**Given entries**
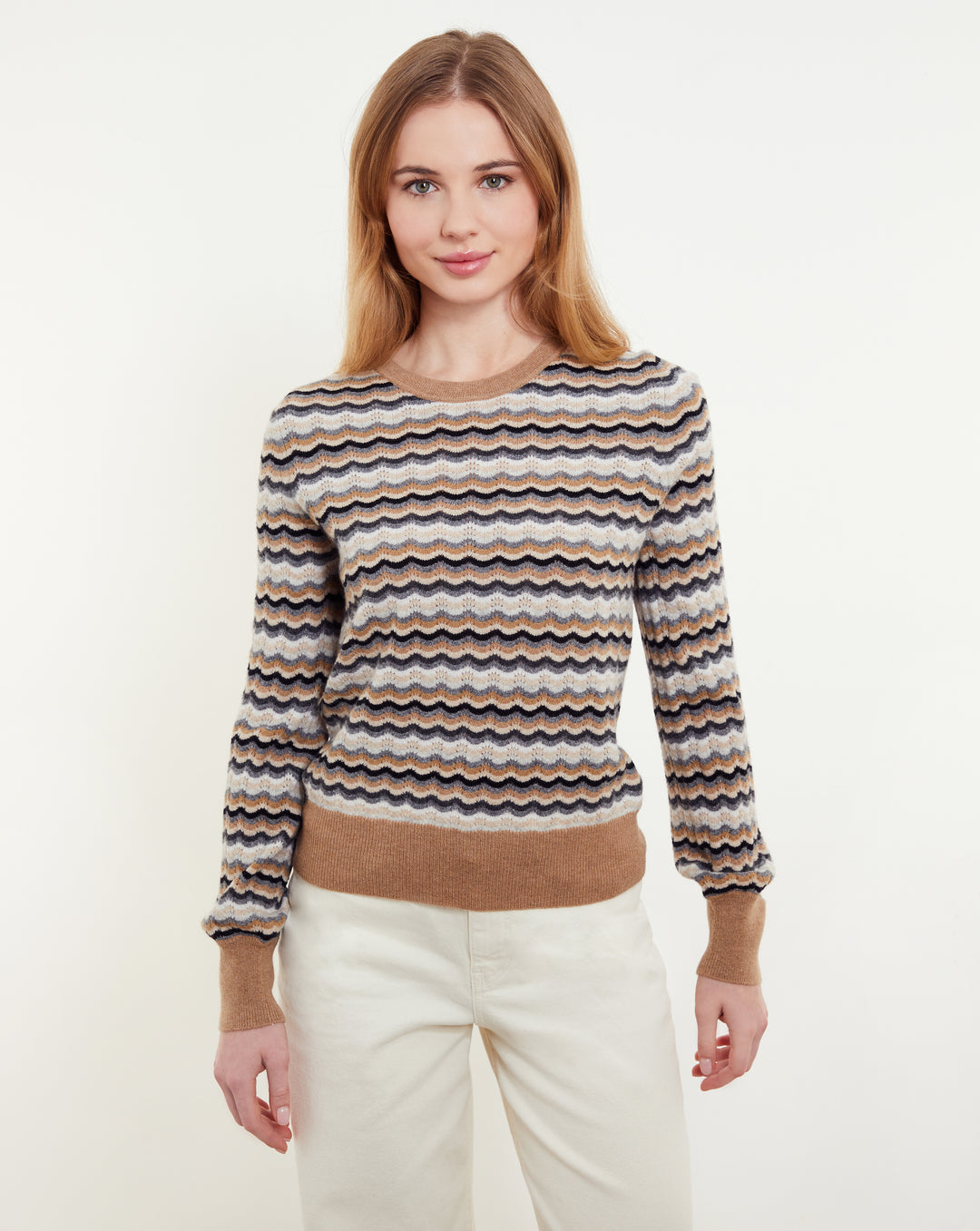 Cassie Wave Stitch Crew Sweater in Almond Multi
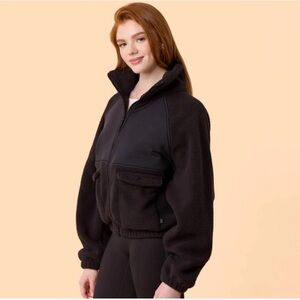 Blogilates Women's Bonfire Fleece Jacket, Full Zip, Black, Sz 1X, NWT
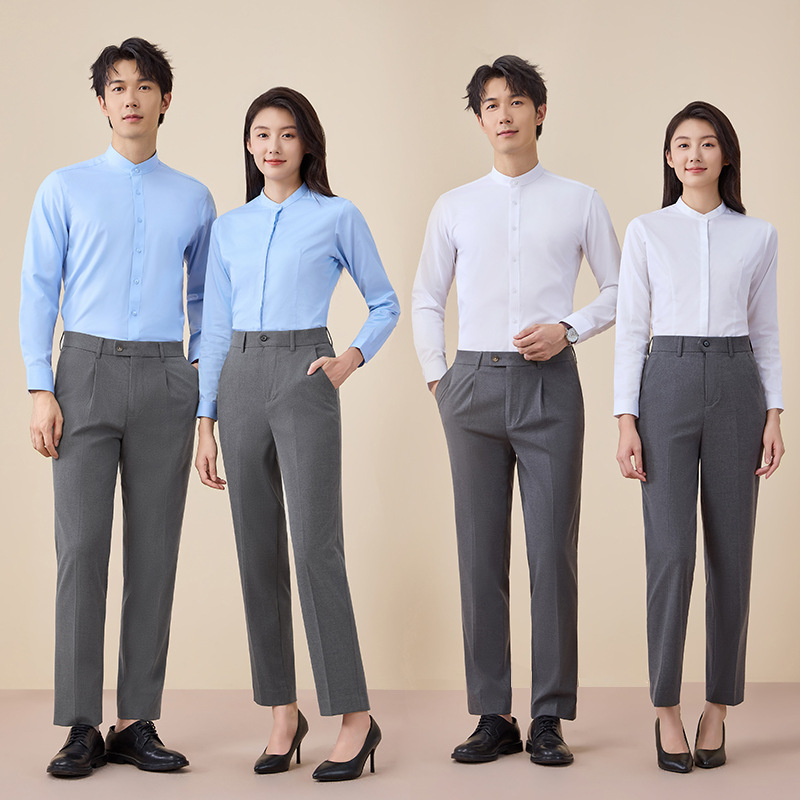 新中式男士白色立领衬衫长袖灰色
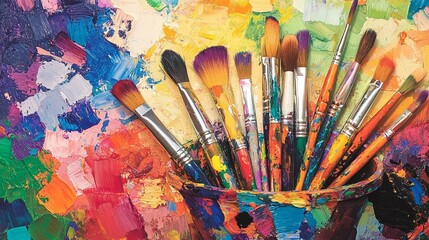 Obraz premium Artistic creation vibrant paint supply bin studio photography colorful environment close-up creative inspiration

...

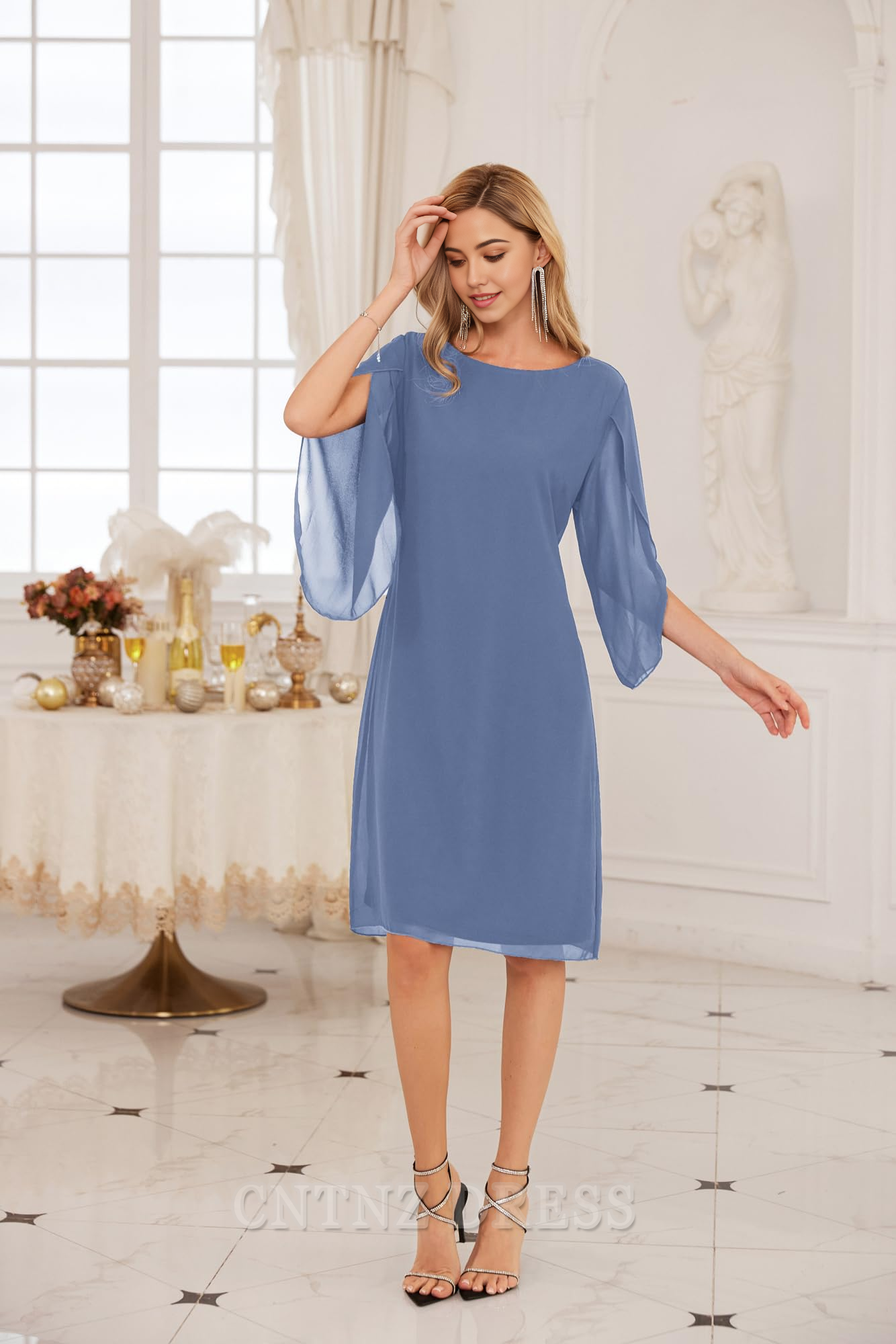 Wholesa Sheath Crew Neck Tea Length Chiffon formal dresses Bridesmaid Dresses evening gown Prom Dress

* * *

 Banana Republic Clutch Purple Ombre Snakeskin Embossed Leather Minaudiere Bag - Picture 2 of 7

**Task to complete**
In the records above, everything from the line with "新中式男士白色立领衬衫长袖灰色" down to the line with "Obraz premium Artistic" must be duplicated exactly, both lines kept. Leave no pictures in.

**Exercise answer**
 新中式男士白色立领衬衫长袖灰色
 Obraz premium Artistic creation vibrant paint supply bin studio photography colorful environment close-up creative inspiration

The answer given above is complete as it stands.